Elles étaient elles-mêmes un cheminement d’eau parce que gorgées des
fraîcheurs prises aux plantes célestes.
Elles étaient pleines de
l’essence du Nommo, elles étaient le Nommo lui-même, en mouvement, comme
l’indiquait la ligne ondulée qui peut se prolonger à l’infini.
Mais le Nommo, lorsqu’il parle, émet comme tout être une buée tiède porteuse
de verbe, verbe elle-même.
Et cette buée sonore, comme toute eau, se meut sur une ligne hélicoïdale.
Les torsades du vêtement étaient donc un chemin de prédilection pour la parole que le génie voulait révéler à la Terre.
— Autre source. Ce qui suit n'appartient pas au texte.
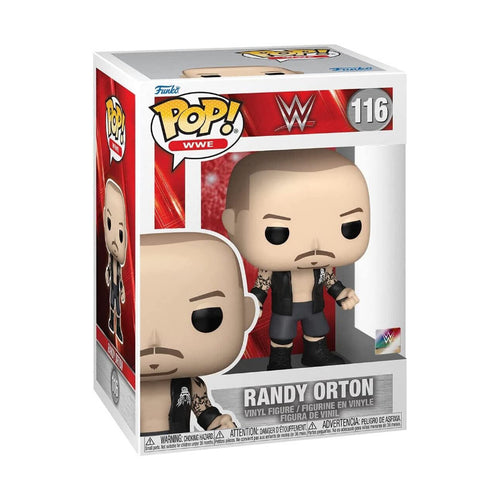 Funko_Pop_WWE_Randy_Orton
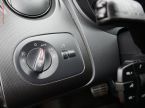 Seat Ibiza - fotka číslo 14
Il incantait ses mains en les portant à ses lèvres tandis qu’il tressait ; ainsi sa parole humide se lovait avec les tresses humides ;
la révélation spirituelle
pénétrait l’enseignement technique. 
Par ces fibres pleines d’eau et
de paroles, le Nommo était donc continuellement présent devant le sexe de sa
mère.
Ainsi vêtue la Terre avait un langage, le premier de ce monde, le plus fruste
de tous les temps.
Syntaxe élémentaire, verbe rare, vocabulaire sans grâce.
Les mots étaient des souffles peu différenciés, mais cependant porteurs de force.
Telle quelle, la parole sans nuances convenait aux grands travaux des commencements.